In his address to the nation Thursday night, President Donald Trump outlined the declassification and release of multiple groups of documents which include assessments he said reveal “a cyber threat aimed at the very heart of our democracy.”

The documents, the president said, reveal vulnerabilities in election databases and other systems, including electronic voting machines.

“This data loss presents an unprecedented election security nightmare,” he said, referring to information on American voters and voting systems that were obtained by China.

China employs an army of state-backed hacking collectives to target U.S. infrastructure, including voting systems.

“Deep state” operatives in the U.S. are not only aware of this, but conspired to withhold intelligence reports outlining Chinese operations directed at election meddling were withheld from daily presidential briefings during his first term, Trump said.

The president on Thursday night said he is instructing the Justice Department, the Office of the Director of National Intelligence, and other top officials “to investigate how and why such crucial information was hidden, to fire those involved in the cover-up, and to file criminal charges if appropriate against these people.”

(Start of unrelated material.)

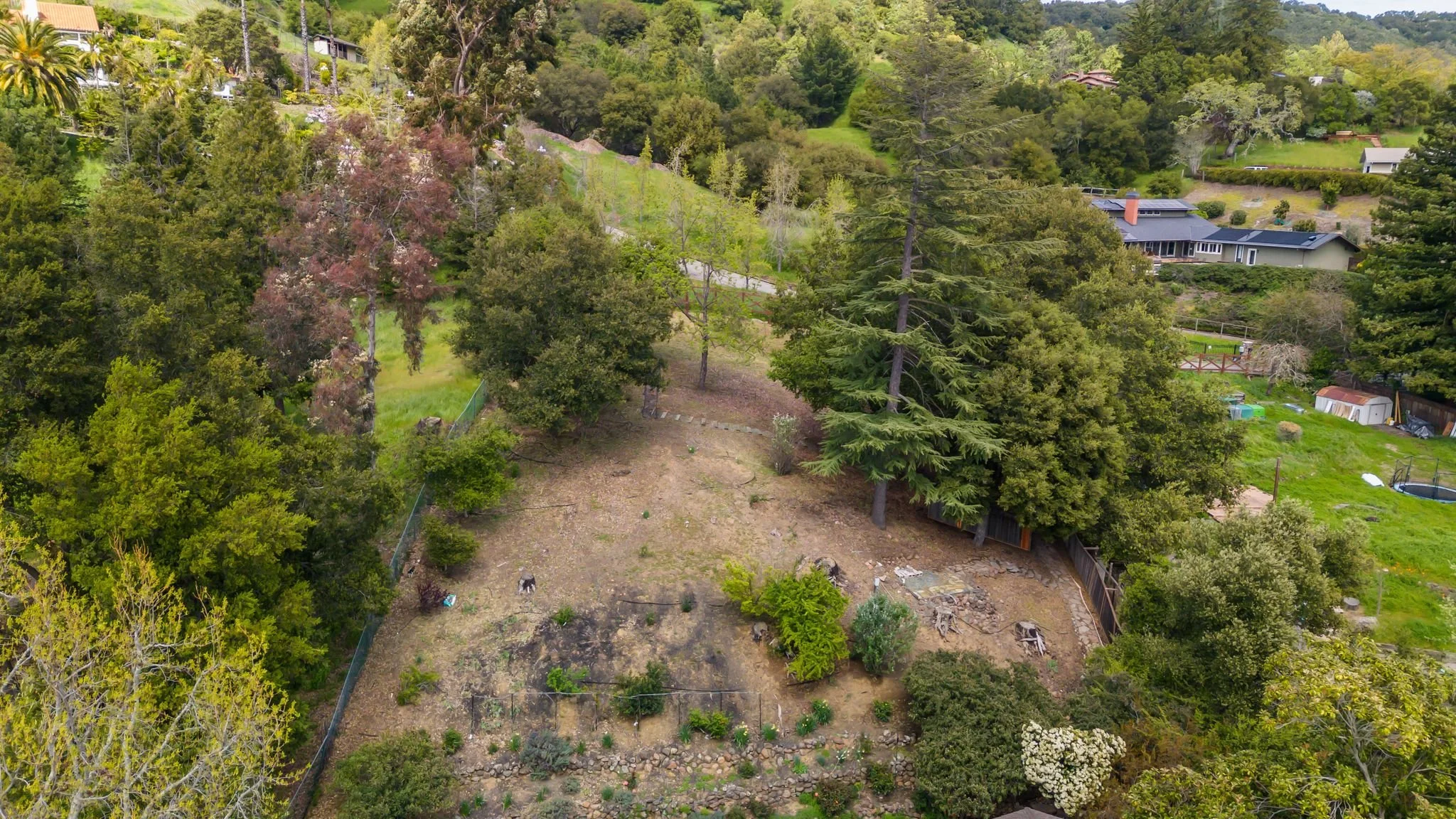 Drone-5.jpg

Investigative journalist Catherine Herridge, appearing on NewsNation’s “Katie Pavlich Tonight,” she had located a conversation within the documents declassified by Trump stating that one of the president’s daily briefs had been manipulated.

The heavily redacted email in question is dated Friday, November 20, 2020, and states: “We have deliberately massaged our one pending PDB to avoid any direct links to the election.” The redacted sender’s signature lists the emailer as a “Strategic Intelligence Analyst” and includes the words “China & North Korea Strategic Assessments.”

“I understand the whistleblower complaint alleged, and I think we’re now seeing it in the emails that there was an intentional effort to suppress intelligence about China’s influence operations,” Herridge said.

Herridge detailed a whistleblower’s account of the summer of 2020, during which officials allegedly found indicators of a Chinese influence operation intended to affect the outcome of the vote and public sentiment toward a presidential candidate. She recounted that the whistleblower’s alarm was suppressed.

“My understanding is that some of their reports were in officials’ own handwriting that they wanted everything out that could help President Trump in his reelection,” Herridge said. “So there was clear evidence of political and personal bias, and intelligence is supposed to be neutral.”

Herridge called China one of the “biggest collectors of data on the planet.” With the alleged 220 million voter rolls, compromised security clearance applications from 2015 and hacked health information, Herridge made the case that the data could be used for identity theft and even to recruit citizens for the data holders’ efforts.

“I think the larger question is why, if there was such a threat from this influence operation on a scale much more significant than Russia, Iran, and North Korea, why was it suppressed?” Herridge said, adding that the president’s position was that the suppression was for political reasons.

Trump outlined what he described as a multi-year influence campaign by China during his first term aimed at American companies and journalists.

“The cover up of this colossal security breach is even more disturbing in light of the additional information showing that China engaged in other election related activities to undermine my first administration and our 2020 campaign,” Trump said.

“The Chinese government sought to identify U.S. journalists who had reported negatively on the U.S. president and pay them large sums of money to write more negative articles about him—as many as they could.”